Congo, agguato al procuratore del caso Attanasio
Congo, agguato sulla strada dove sono morti l’ambasciatore e il carabiniere Iacovacci. «Soldati in abiti civili»
Sulle alture del Kivu, poco lontano da dove sono stati uccisi Attanasio, Iacovacci e l’autista, è stato assassinato martedì sera uno dei magistrati che indagano sulla morte dell’ambasciatore.
Dicono i congolesi: ma quale eliminazione, quel giudice è stato ucciso in una delle tante sparatorie tra militari rivali. Dice il governo italiano: comunque sia, questa è una morte che non deve fermare le indagini sull’assassinio del nostro ambasciatore. Sulle alture del Nord Kivu, regione di genocidi infiniti, poco lontano dal luogo in cui sono stati uccisi il 22 febbraio Luca Attanasio, il carabiniere Vittorio Iacovacci e il loro autista, Mustafa Milambo, proprio lì martedì sera è stato assassinato uno dei magistrati che indagano sull’agguato al diplomatico italiano. Il maggiore William Mwilanya Asani, revisore dei conti alla Procura militare di Rutshuru, è morto mentre tornava da Goma e da una settimana d’incontri con altri investigatori congolesi. Il suo convoglio, scortato dal colonnello Polydor Lumbu del contingente 3409 delle Fadrc, le forze armate, stava percorrendo al buio la strada verso Kaunga ed era arrivato all’altezza del villaggio di Katale, 20 chilometri dal luogo dell’assassinio d’Attanasio. Asani è morto all’istante, il colonnello Lumbu è ricoverato per ferite gravi.
Le indagini, fulminee, hanno stabilito che a sparare non sarebbero stati i «soliti» miliziani ruandesi delle Fdlr, accusati dal governo di qualsiasi delitto (compreso quello dell’ambasciatore). Stavolta l’agguato sarebbe stato teso da militari in abiti civili d’un altro contingente congolese, il 3416: «Avevano messo un posto di blocco sulla Rn2 — riferisce un portavoce della polizia —, quando hanno visto le jeep militari e hanno iniziato a sparare». I documenti trovati su uno degli assalitori, ucciso nello scambio di colpi, proverebbero dunque che c’entrano le rivalità fra soldati, piuttosto frequenti: un anno fa, sette militari furono uccisi da commilitoni mentre trasportavano 100mila dollari, destinati agli stipendi.
C’è da crederci?
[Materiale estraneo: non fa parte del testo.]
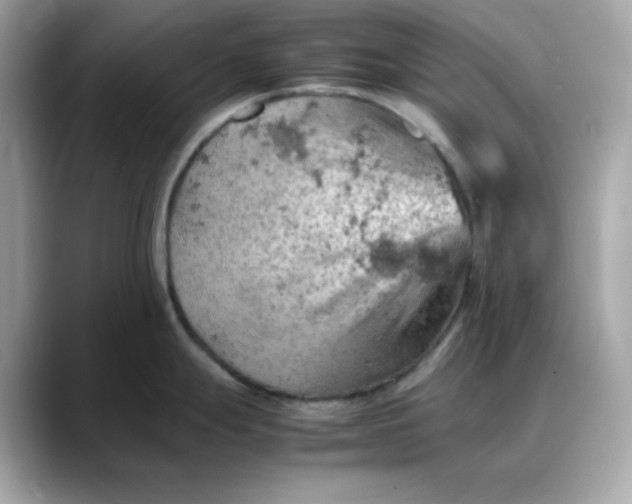 X0000088371247200706051036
Un’ong locale molto informata, Cepadho, puntualizza scettica che «questo crimine è stato perpetrato da uomini armati, non identificati, uno dei quali è stato neutralizzato dalle Fadrc». «Le autorità congolesi impieghino tutte le risorse nelle indagini sull’uccisione d’Attanasio», è il mezzo no comment del governo italiano per bocca d’un suo sottosegretario, Stefania Pucciarelli.
Non è chiaro il ruolo del maggiore Assani nell’inchiesta. La Procura militare di Rutshuru è uno degli uffici incaricati d’investigare e poco trapela sulle milizie che nel Kivu si muovono pagate dallo stesso esercito.
A parole, solidarietà e collaborazione sono garantite: nelle ore dell’agguato ad Asani, a Kinshasa si celebrava in cattedrale una messa in suffragio e il presidente Tshisekedi incontrava il corpo diplomatico. Nella sostanza, sono pochi gli elementi forniti ai Ros inviati sul luogo. Tanto che in Procura a Roma non s’esclude di classificare il caso Attanasio come crimine di guerra, per poter indagare meglio chi finanzia, arma e dirige i gruppi armati nel Congo nordorientale.
L’agguato ad Asani è collegabile alle indagini che stava conducendo? «In Nord Kivu sono attive varie reti criminali legate ai militari», denuncia un attivista per i diritti umani, Jimmy Kamate Kighoma: difficile entrare nelle strategie legate agli attacchi. È anche per questo che le indagini italiane trovano un muro di gomma. «Se hanno avuto il coraggio d’uccidere un ambasciatore — dice Kighoma —, riuscite a immaginare che cosa fanno a noi cittadini?».